I'm going to split data manipulation scenarios in two: data retrieval for email personalization, and bulk/batch processes for data processing (integrations, segmentation, etc.) In all cases we will use SSJS script samples. As I mentioned here this blog is intended for full stack developers, and so for i will assume a preference for JavaScript over AMPscript.
First scenario: use data for email personalization. In this case you will fetch focused pieces of data and basically do replacements, if/conditional statements and basic loops of data to generate content. Under no circumstance you will retrieve hundreds or thousands of records and iterate those, as that could impact dramatically in the email deployment process performance.

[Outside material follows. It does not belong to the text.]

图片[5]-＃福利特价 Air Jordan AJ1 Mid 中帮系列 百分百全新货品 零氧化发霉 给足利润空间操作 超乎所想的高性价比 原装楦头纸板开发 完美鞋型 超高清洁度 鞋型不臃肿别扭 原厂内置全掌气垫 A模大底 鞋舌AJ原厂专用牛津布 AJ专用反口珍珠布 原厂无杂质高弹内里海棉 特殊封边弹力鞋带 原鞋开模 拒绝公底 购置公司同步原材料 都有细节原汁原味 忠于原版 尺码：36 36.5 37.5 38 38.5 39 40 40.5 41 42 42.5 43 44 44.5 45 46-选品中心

The second scenario applies for different types of batch processes where a large set of records are retrieved for some kind of purpose. For example: an example use case could be iterating through a data extension that contains contact data, parsing and transforming some specific fields, and impact a final master contact Data Extension. Initially our process needs to retrieve all records from a data extension. A first attempt can look like this:
<script runat=server>
Platform.Load("core","1");
function ProcessRow(row) {
var subskey = row["SubsKey"];
var customField = row["CustomField"];
//do process
}
var audienceDE = DataExtension.Init("my-audience");
var rows = audienceDE.Rows.Retrieve();
for(var i in rows) {
ProcessRow(Rows[i]);
}
</script>
That is a quite simple way to retrieve records. But Rows.Retrieve function has the limitation that it will return only 2500 rows tops. If we are working in a batch process like the described scenario, this can be a blocker. Link to documentation:
The alternative to avoid that problem is to use the Salesforce API to retrieve all data from the data extension no matter the record count. That can be achieved by following this documentation:
Our sample code in that case will look something like this:
<script runat=server>
Platform.Load("core","1");
function ProcessRow(row) {
var subskey = row.Properties[0].Value;
var customField = row.Properties[1].Value;
//do process
}
var prox = new Script.Util.WSProxy(),
objectType = "DataExtensionObject[my-audience]",
cols = ["SubsKey", "CustomField"],
moreData = true,
reqID = null;
while(moreData) {
moreData = false;
var data = reqID == null ? prox.retrieve(objectType, cols)
: prox.getNextBatch(objectType, reqID);
if(data != null) {
moreData = data.HasMoreRows;
reqID = data.RequestID;
if(data && data.Results) {
for(var i=0; i< data.Results.length; i++) {
ProcessRow(data.Results[i]);
}
}
}
}
</script>
That is a significant amount of code to basically select all records from a data extension for processing. If you agree with that statement you will find this library of interest. Your code will look like this in that case:
<script runat=server>
Platform.Load("core","1");
Platform.Function.ContentBlockByKey('data-extension-utils');
function ProcessRow(row) {
var subskey = row.SubsKey;
var customField = row.CustomField;
//do process
}
var cols = ["SubsKey", "CustomField"];
QueryDataExtension("my-audience", cols, ProcessRow);
</script>
That is much cleaner, also you will get the advantage of accessing directly object attributes instead of key value arrays that are returned by Retrieve functions from WSProxy or Row objects.